A systematic review in 2013 by Morrison et al. evaluated intrathecal magnesium sulfate in 15 clinical trials. Longer duration of anesthesia was observed in non-pregnant patients with no evident difference between pregnant and non-pregnant groups in prevalence of hypotension and pruritus.  Another qualitative review by Albrecht et al. in the year 2013 reported earlier onset time in intrathecal and epidural magnesium sulfate groups with only one case of headache out of 140 patients. 
So far there are no clear reports for neurological effects and no reports of high dose of intrthecal magnesium sulfate in humans. In the rats, was compared between single dose of 3 mg magnesium sulfate and seven consecutive daily doses of 3 mg magnesium sulfate in spinal cavity. Pathological studies reported effects of nerve damage (neurodegeneration) in both groups.  Furthermore Saeki et al. showed that magnesium sulfate had no protective effects and increased risk of neural toxicity in rabbits.  In contrast, in another study on rabbits, subarachnoid magnesium sulfate decreased and delayed ischemia-induced complications and had protective effects on the spinal cord due to reduction in acute neuronal degeneration. 
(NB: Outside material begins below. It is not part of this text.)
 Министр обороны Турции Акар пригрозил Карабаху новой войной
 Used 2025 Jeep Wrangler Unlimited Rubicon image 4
Goodman et al. in their study have reported two cases of inadvertent epidural administration of magnesium sulfate as much as about 9 g with intervals of several hours that was used to control pain in pregnant women. None of the patients showed any sign of local neurological toxicity. One patient complained about weakness and mild consciousness disorder with increased serum level. The second patient reported mild backache and mild non-postural headache on the 2 nd day after surgery which was improved on the 3 rd day. 
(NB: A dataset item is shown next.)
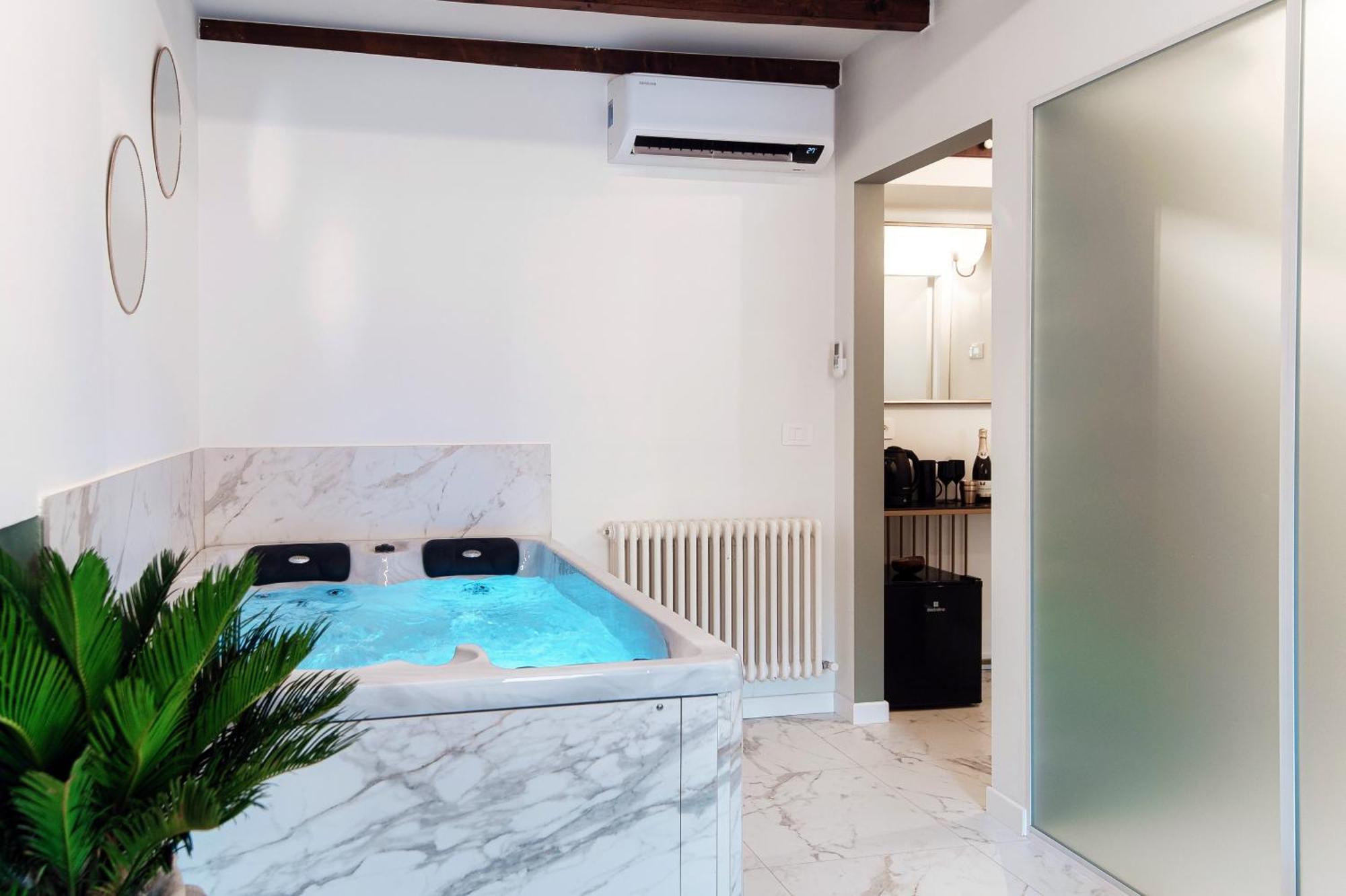 Sahara & Amazzonia Luxury Rooms- The House Of Travelers 科莫 外观 照片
Initial thermal changes and numbness of the skin followed by intrathecal magnesium sulfate may be due to local semi-anesthetic or NMDA effects; but, deep tissue had no proper analgesic effects for surgery. Systemic effects of magnesium sulfate are because of its vascular adsorption which is induced with delay. Complications of increased blood levels of magnesium sulfate on central and peripheral nerves and also facilitation of muscular relaxation effects of atracurium are among the reasons mentioned for prolonged muscular relaxation.
Due to availability of magnesium sulfate in the operation room, risks of wrong injection of medications should be considered. According to the instructions, the medication should be always checked twice before injection. In the reported patient, accidental intrathecal injection of 700 mg magnesium sulfate was accompanied by muscular relaxation for about 8-10 h, which was maintained by mechanical ventilation, patient transfer to ICU, intravenous sedation injection and supportive measures with no long-lasting adverse neurological or mobility disorders.